---- Data records

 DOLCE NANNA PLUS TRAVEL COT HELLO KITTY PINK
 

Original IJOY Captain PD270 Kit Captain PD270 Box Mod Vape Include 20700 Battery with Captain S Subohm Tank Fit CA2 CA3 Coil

--------
---- Data records

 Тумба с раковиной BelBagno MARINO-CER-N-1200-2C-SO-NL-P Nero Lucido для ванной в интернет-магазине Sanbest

--------

Task to carry out:
I'd like the lines above from the one with "DOLCE NANNA PLUS TRAVEL COT HELLO KITTY PINK" up to and including the one with "Original IJOY Captain" copied exactly, with no other lines.

Response to the exercise:
 DOLCE NANNA PLUS TRAVEL COT HELLO KITTY PINK
 

Original IJOY Captain PD270 Kit Captain PD270 Box Mod Vape Include 20700 Battery with Captain S Subohm Tank Fit CA2 CA3 Coil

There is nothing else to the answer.